**TASK ITEM**
The lines to be extracted begin at the line containing "Scatola regalo marrone" and end at the last line of the data below; copy them exactly and leave out the pictures.

(Data items)
--------------------------------

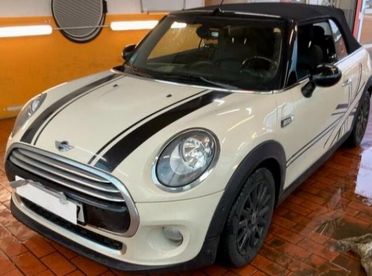 Mini Cooper Steptronic Cabrio 1.5 136CV Pelle Navi PDC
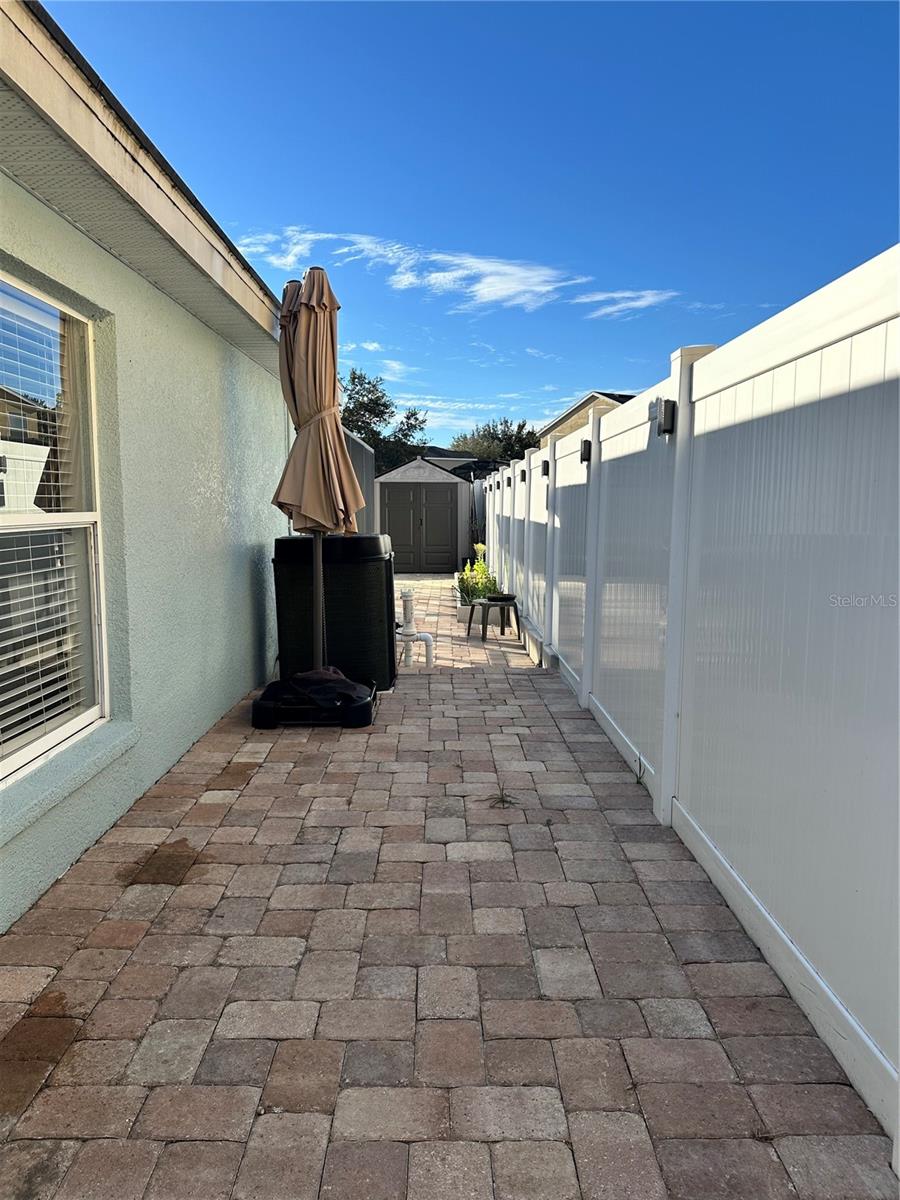 Image 6 of 31 For 1838 Royal Ridge Drive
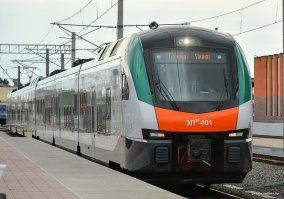 Фото поездов и прочего жд-транспорта с просторов интернета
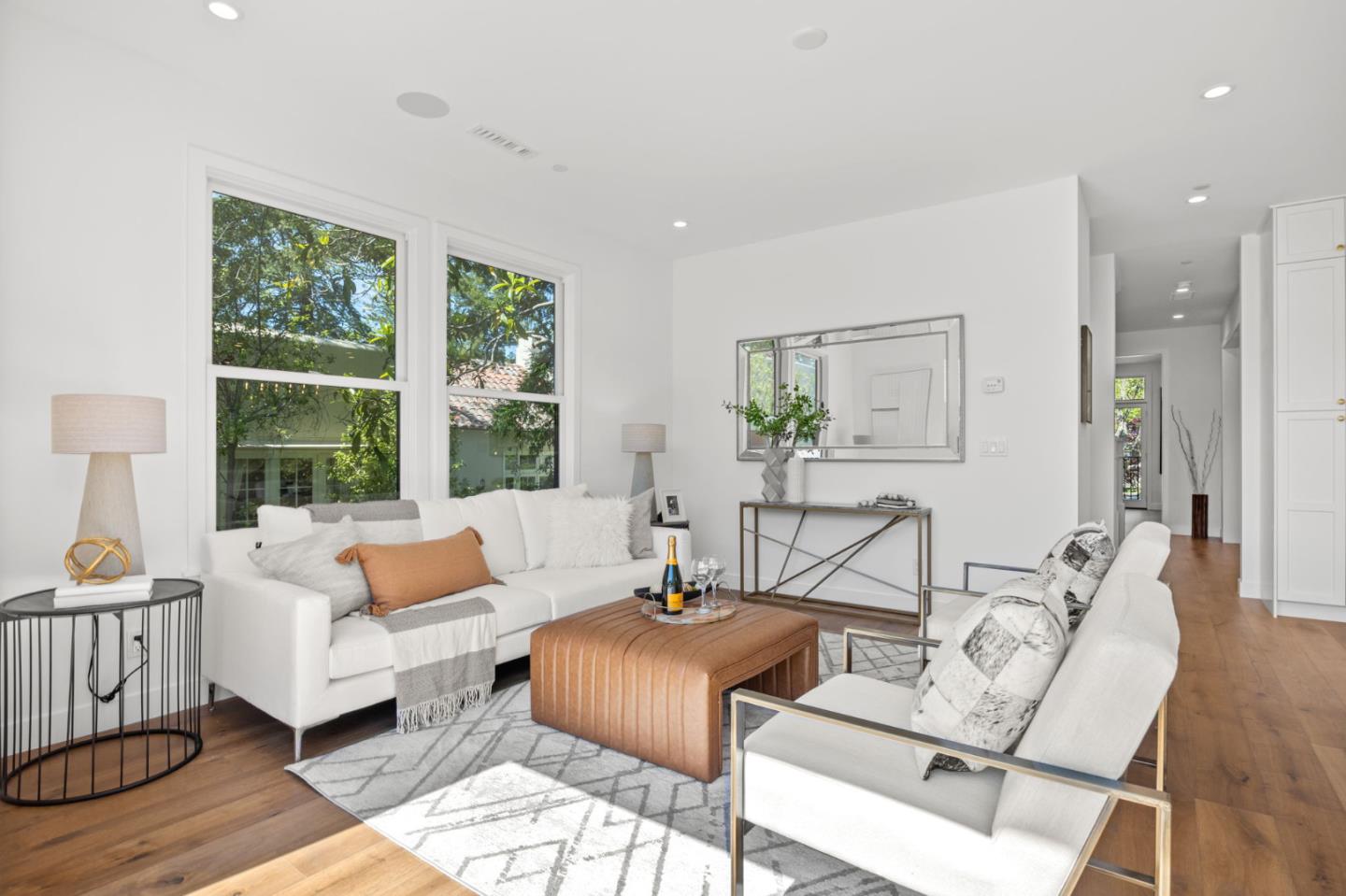 341 Occidental AVE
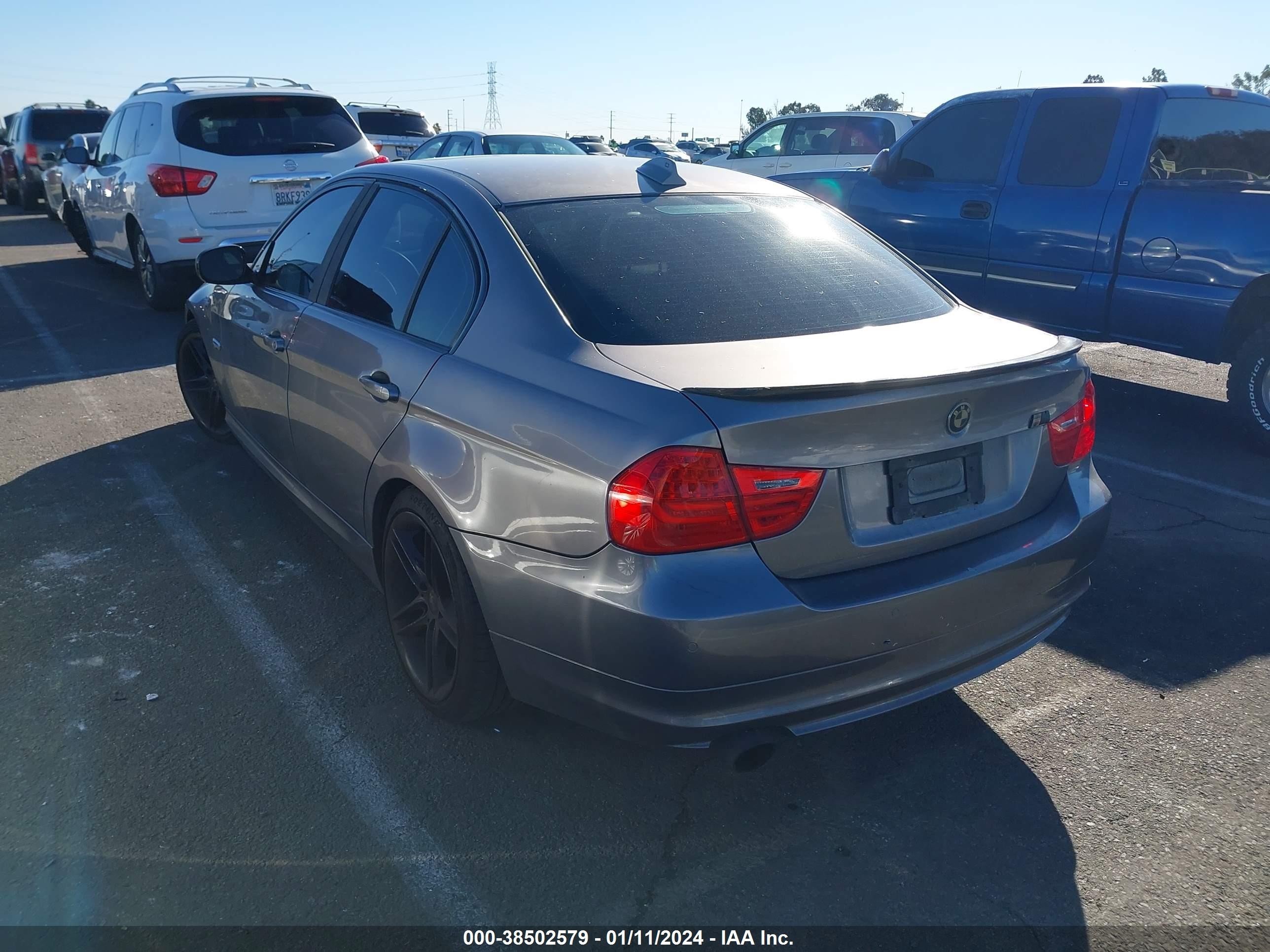 Photo 2 VIN: WBAPH53569A437758 - BMW 3ER 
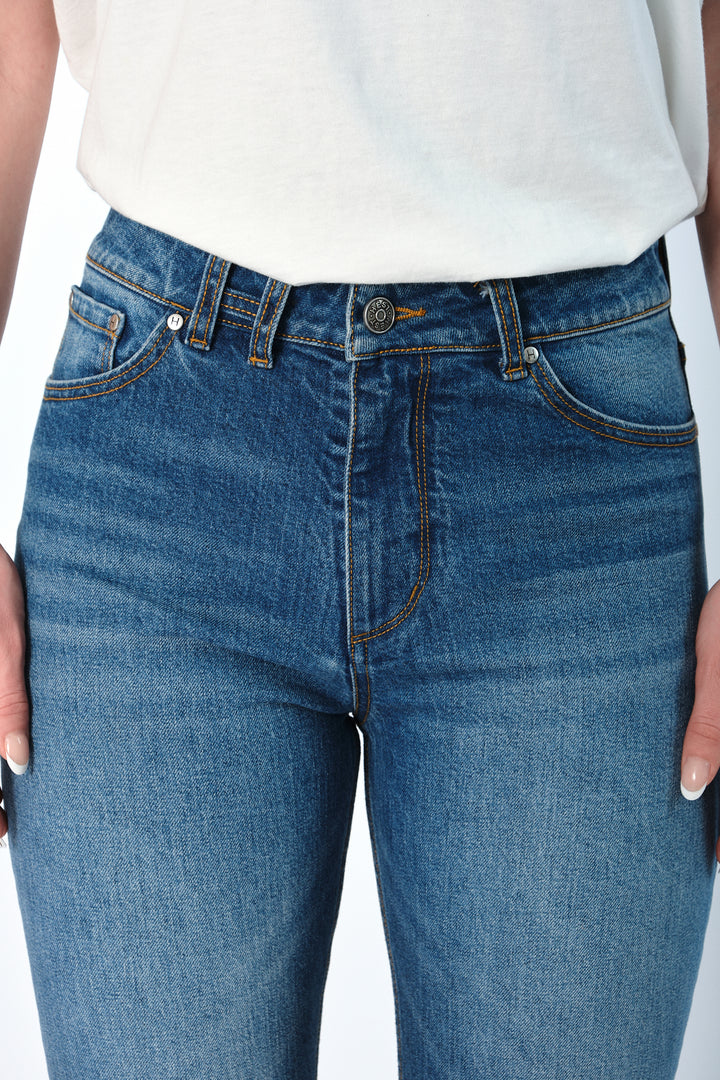 Hést SONYA Bootcut Medium Wash Denim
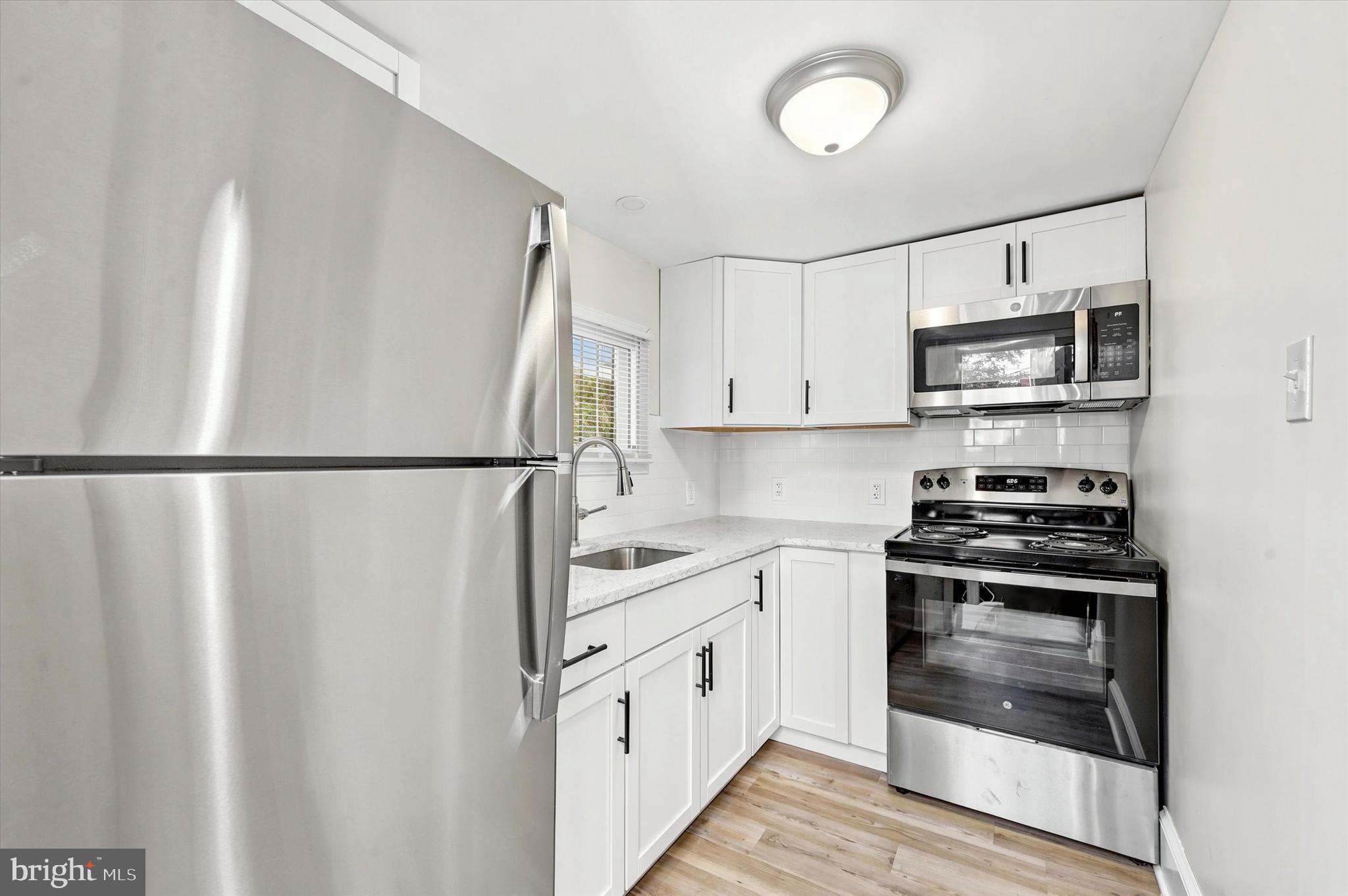 PORT RICHMOND - Residential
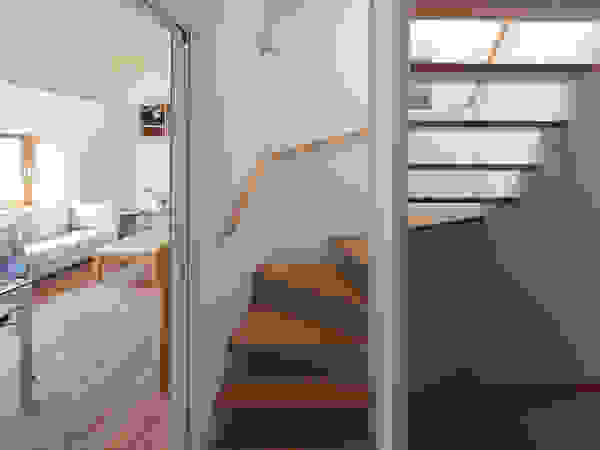 水石浩太建築設計室/ MIZUISHI Architect Atelier Modern Corridor, Hallway and Staircase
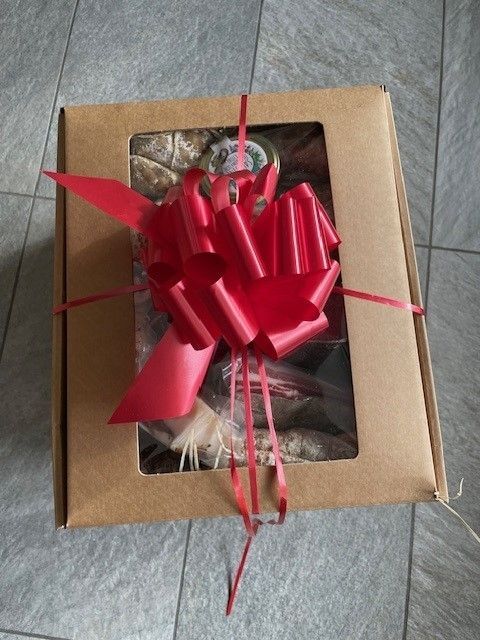 Scatola regalo marrone con fiocco di nastro rosso 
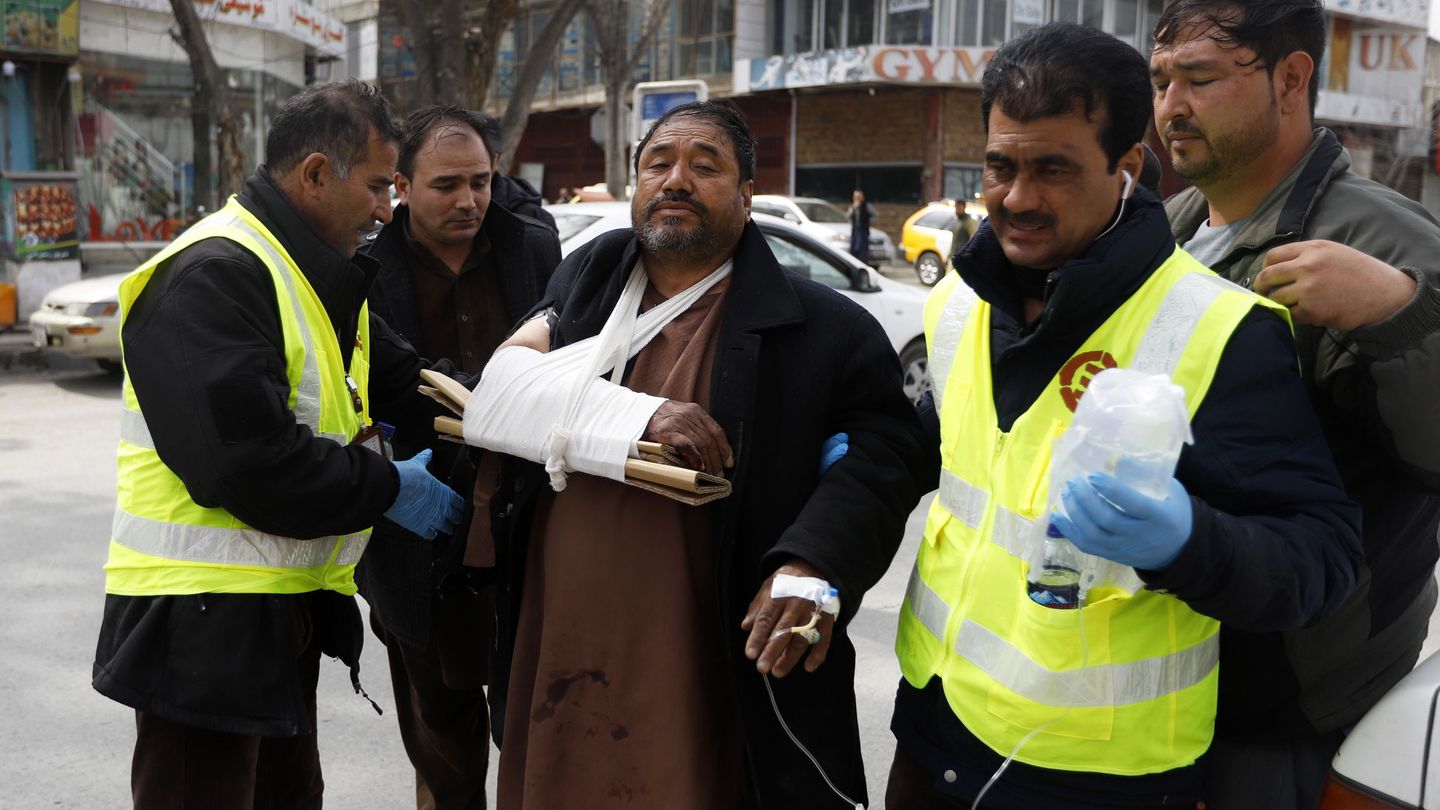 Un herido en el atentado en Kabul (Afganistán). EFE
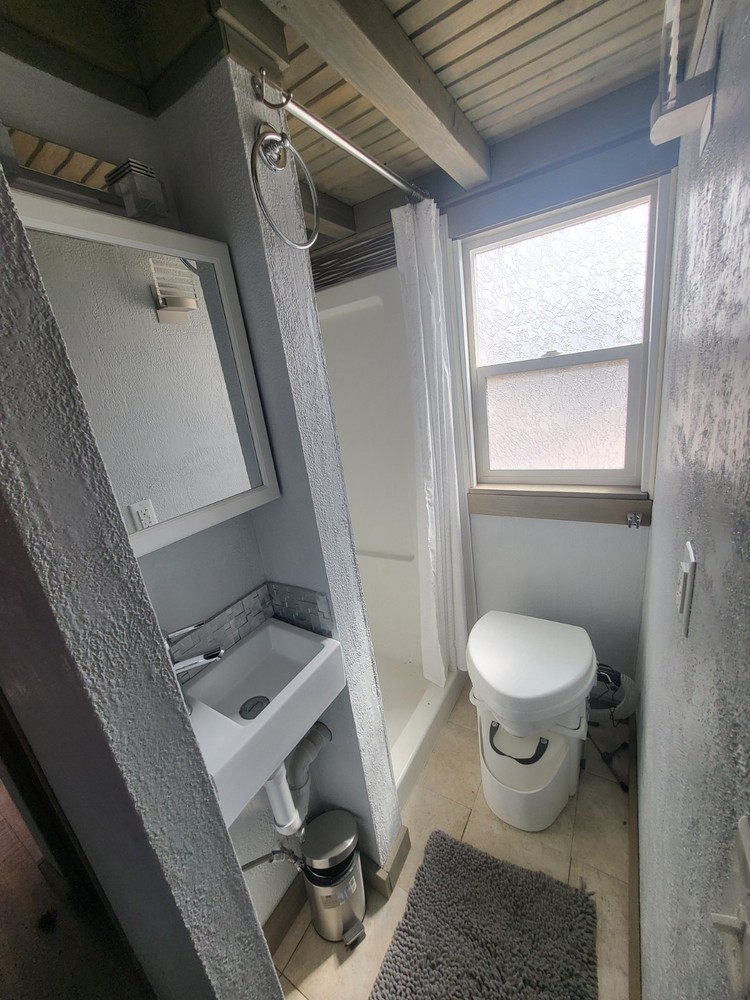 tiny home on wheels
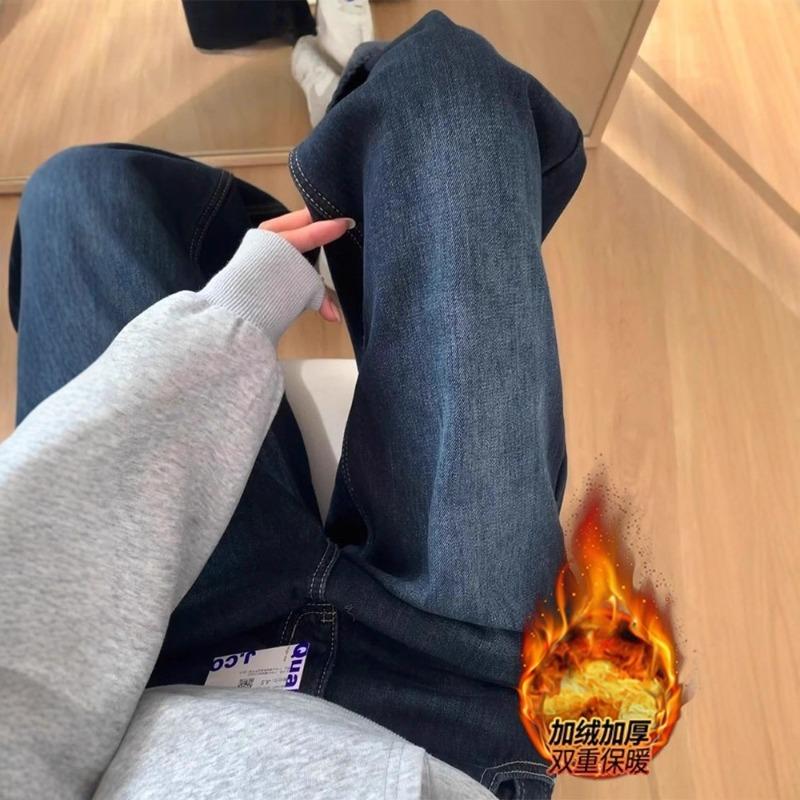 Fleece and thickened jeans for women, loose high-waisted and thin in winter, straight wide-leg floor-mopping pants.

--------------------------------

**EXPECTED OUTPUT**
 Scatola regalo marrone con fiocco di nastro rosso 
 Un herido en el atentado en Kabul (Afganistán). EFE
 tiny home on wheels
 Fleece and thickened jeans for women, loose high-waisted and thin in winter, straight wide-leg floor-mopping pants.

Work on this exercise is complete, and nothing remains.